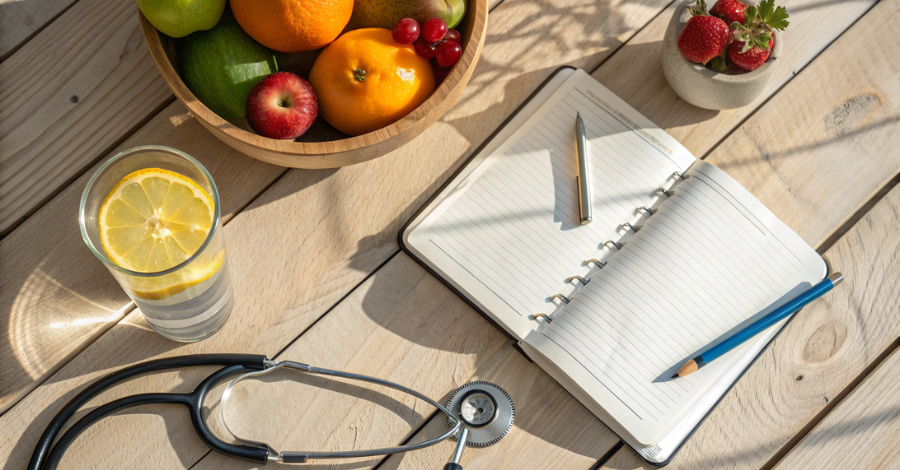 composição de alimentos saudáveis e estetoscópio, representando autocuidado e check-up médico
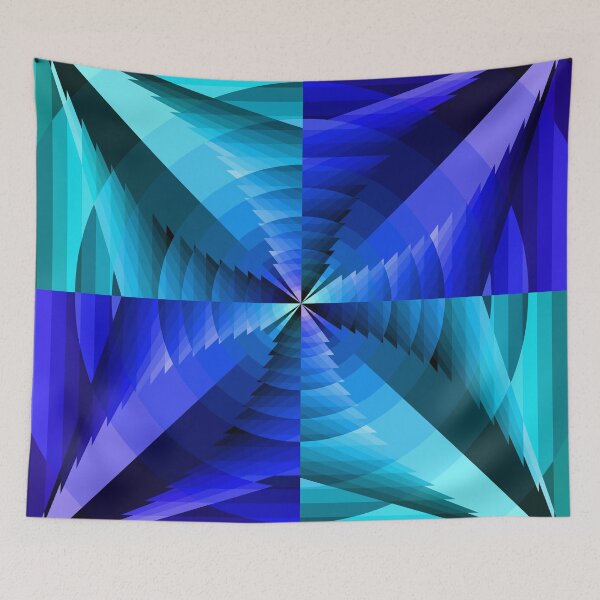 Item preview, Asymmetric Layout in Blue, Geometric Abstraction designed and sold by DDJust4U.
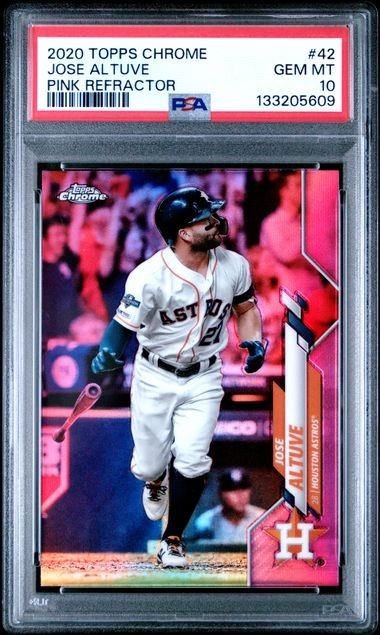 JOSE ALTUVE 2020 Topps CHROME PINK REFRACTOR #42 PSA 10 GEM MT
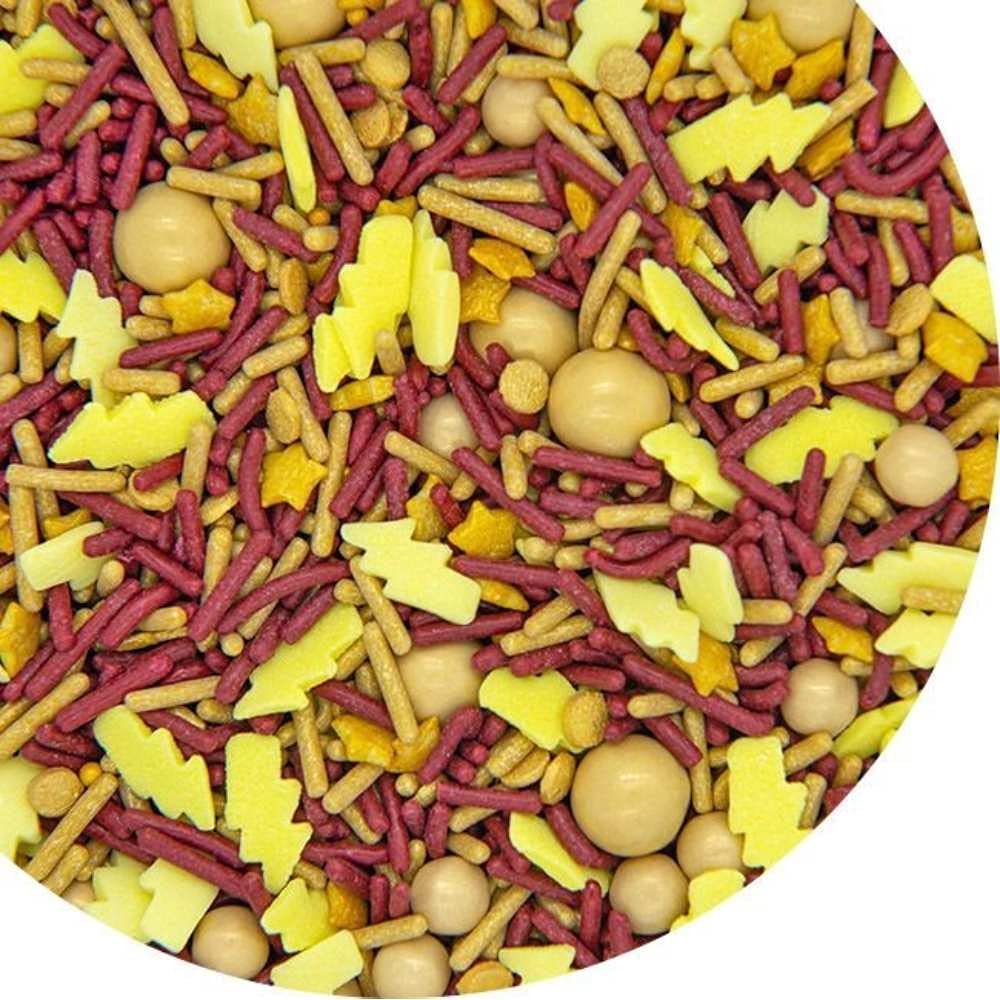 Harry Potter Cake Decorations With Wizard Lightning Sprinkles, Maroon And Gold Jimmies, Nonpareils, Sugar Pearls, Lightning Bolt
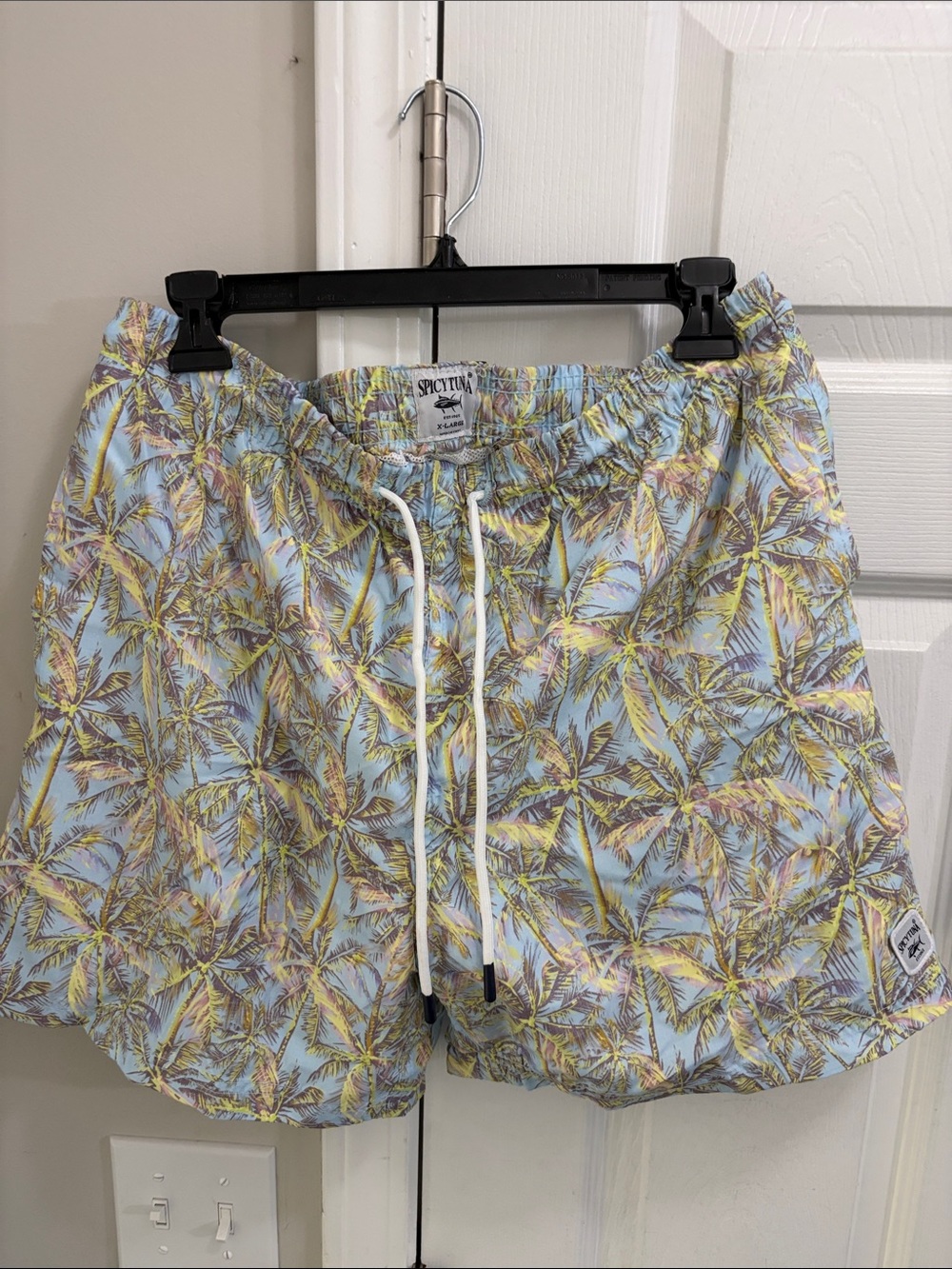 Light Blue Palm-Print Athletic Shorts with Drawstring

The task:
Starting with the line that holds "Item preview, Asymmetric", copy every line exactly through the final line of the material, but skip the pictures.

Answer to the problem:
 Item preview, Asymmetric Layout in Blue, Geometric Abstraction designed and sold by DDJust4U.
 JOSE ALTUVE 2020 Topps CHROME PINK REFRACTOR #42 PSA 10 GEM MT
 Harry Potter Cake Decorations With Wizard Lightning Sprinkles, Maroon And Gold Jimmies, Nonpareils, Sugar Pearls, Lightning Bolt
 Light Blue Palm-Print Athletic Shorts with Drawstring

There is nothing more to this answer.